▸ **PROBLEM DETAILS**
Go through the records and filter out every line lacking the word "person"; copy the lines that remain.

=== Begin Enclosure ===

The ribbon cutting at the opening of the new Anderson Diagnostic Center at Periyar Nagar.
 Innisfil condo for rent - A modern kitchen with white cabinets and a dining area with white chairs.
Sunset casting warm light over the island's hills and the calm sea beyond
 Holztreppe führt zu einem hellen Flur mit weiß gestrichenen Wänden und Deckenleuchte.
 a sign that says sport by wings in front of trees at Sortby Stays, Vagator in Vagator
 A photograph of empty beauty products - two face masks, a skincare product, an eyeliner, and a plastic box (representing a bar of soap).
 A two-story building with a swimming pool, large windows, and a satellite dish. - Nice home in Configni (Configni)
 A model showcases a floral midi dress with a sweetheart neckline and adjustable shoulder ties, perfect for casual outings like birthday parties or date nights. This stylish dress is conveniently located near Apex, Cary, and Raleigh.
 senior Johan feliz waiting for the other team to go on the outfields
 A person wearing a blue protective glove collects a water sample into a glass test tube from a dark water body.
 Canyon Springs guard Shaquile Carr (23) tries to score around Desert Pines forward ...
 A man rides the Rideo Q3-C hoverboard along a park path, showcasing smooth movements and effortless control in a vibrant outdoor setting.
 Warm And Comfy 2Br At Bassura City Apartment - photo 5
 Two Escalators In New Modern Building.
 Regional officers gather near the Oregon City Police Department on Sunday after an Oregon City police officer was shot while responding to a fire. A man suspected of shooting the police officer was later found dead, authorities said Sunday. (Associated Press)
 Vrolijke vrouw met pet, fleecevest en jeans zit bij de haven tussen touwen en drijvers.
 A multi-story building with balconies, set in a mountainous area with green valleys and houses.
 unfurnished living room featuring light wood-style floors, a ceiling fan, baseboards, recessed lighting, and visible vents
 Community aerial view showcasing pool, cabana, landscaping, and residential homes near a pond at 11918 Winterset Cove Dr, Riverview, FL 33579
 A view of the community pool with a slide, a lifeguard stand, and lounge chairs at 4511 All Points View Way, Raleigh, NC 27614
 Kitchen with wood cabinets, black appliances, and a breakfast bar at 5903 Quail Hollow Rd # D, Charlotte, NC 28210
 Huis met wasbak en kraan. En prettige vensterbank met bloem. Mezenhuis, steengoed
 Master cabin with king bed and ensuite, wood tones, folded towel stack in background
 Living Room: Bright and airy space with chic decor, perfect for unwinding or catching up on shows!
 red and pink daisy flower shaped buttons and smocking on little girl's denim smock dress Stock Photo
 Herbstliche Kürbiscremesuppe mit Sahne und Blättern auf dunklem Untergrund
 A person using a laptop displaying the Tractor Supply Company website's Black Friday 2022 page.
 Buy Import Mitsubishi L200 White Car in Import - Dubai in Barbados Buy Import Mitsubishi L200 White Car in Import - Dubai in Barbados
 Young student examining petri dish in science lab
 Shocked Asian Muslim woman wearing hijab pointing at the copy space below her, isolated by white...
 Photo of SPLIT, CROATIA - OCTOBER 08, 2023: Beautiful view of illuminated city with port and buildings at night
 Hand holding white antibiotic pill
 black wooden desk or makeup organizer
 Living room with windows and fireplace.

=== End Enclosure ===

▸ **ANSWER TO THE EXERCISE**
 A person wearing a blue protective glove collects a water sample into a glass test tube from a dark water body.
 A person using a laptop displaying the Tractor Supply Company website's Black Friday 2022 page.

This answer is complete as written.